• [What you need to do] You are asked to copy the entire listing exactly, apart from its pictures.

• [Source material]
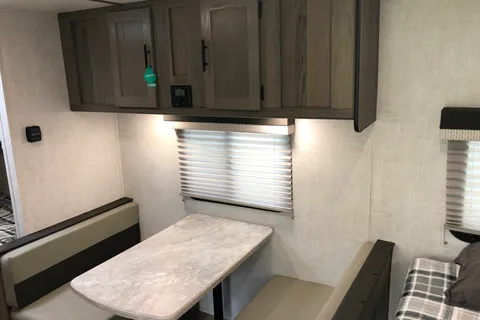 Cozy Gulf Stream Ameri-Lite Super Lite 199DD Travel Trailer - Now for Sale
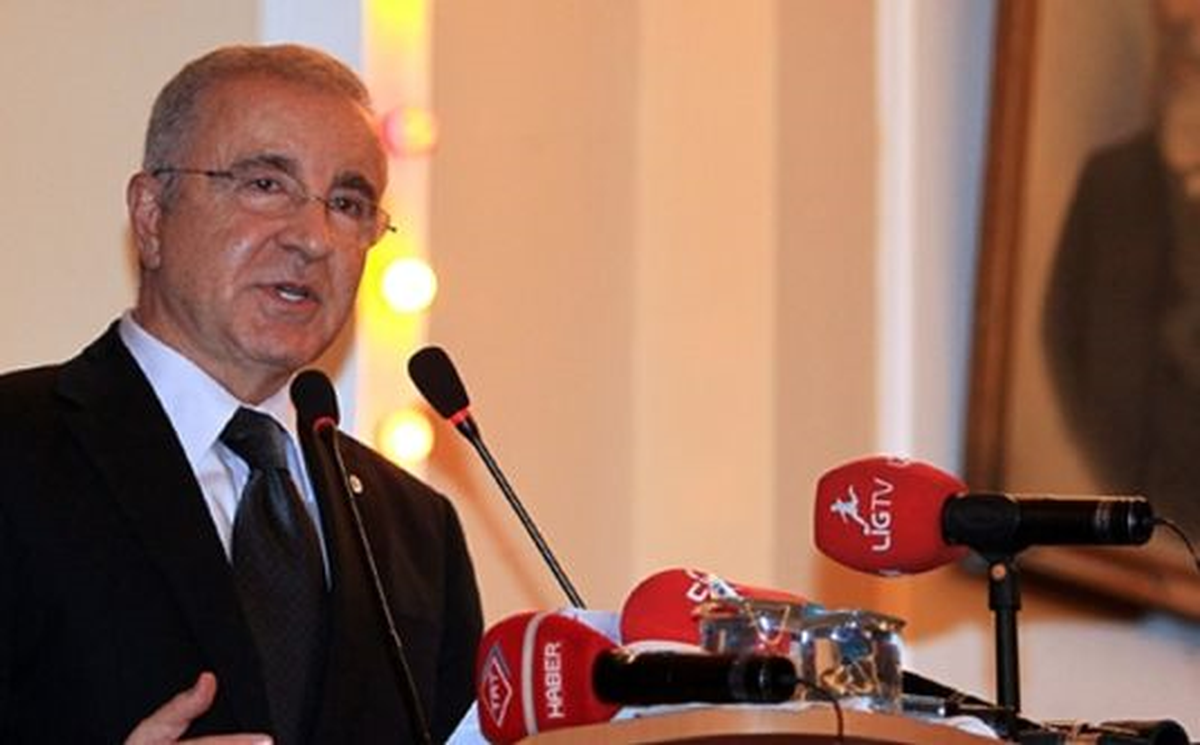 Galatasaray Kulübü Başkanı Aysal."Hiçbir Arkadaşımın Emeğine Saygısızlık ve Vefasızlık Yapmak...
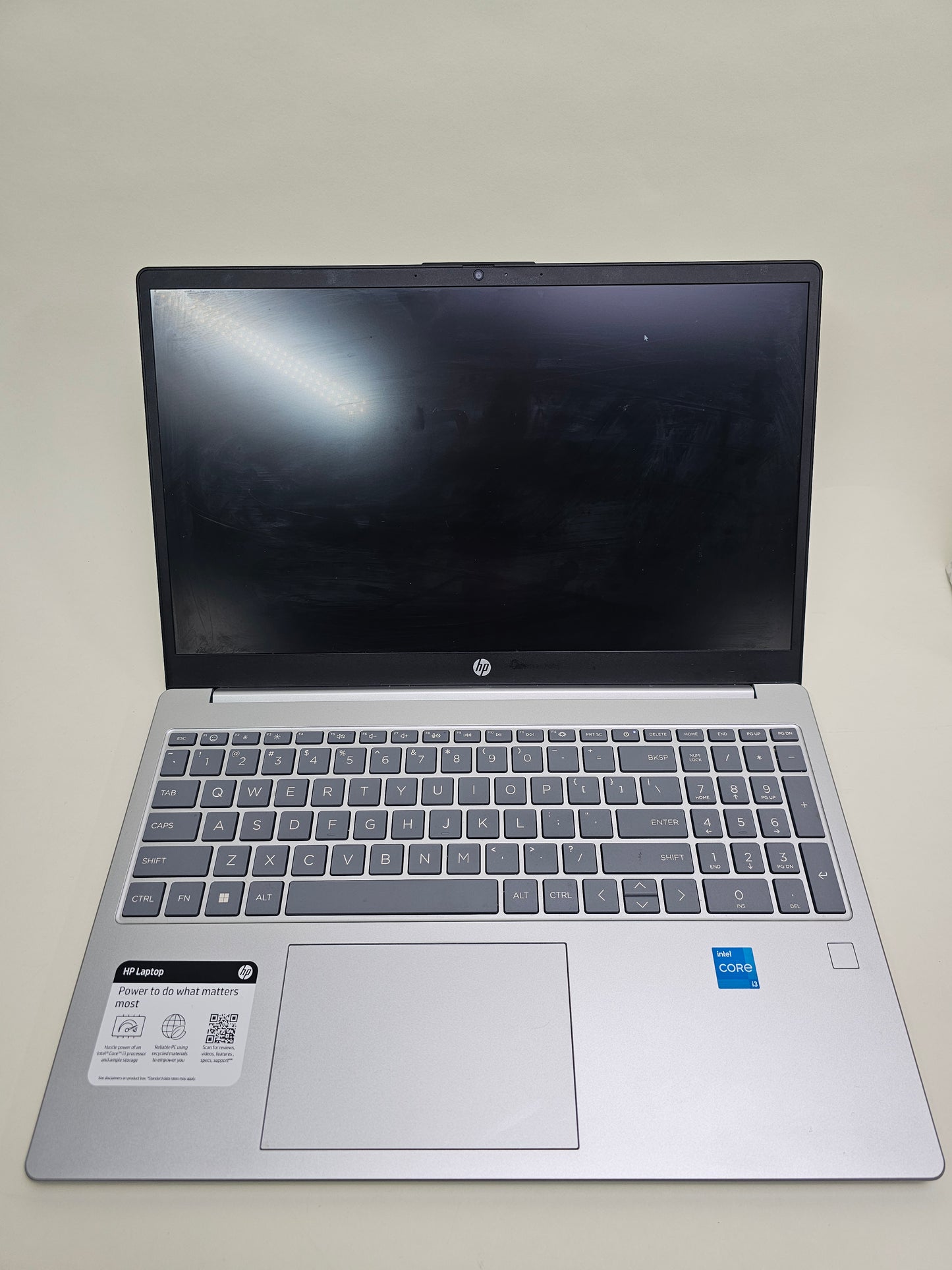 HP Laptop 15-FD0131WM 15.6" i3-N305 1.8GHz 8GB RAM 256GB SSD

• [Solution]
 Cozy Gulf Stream Ameri-Lite Super Lite 199DD Travel Trailer - Now for Sale
 Galatasaray Kulübü Başkanı Aysal."Hiçbir Arkadaşımın Emeğine Saygısızlık ve Vefasızlık Yapmak...
 HP Laptop 15-FD0131WM 15.6" i3-N305 1.8GHz 8GB RAM 256GB SSD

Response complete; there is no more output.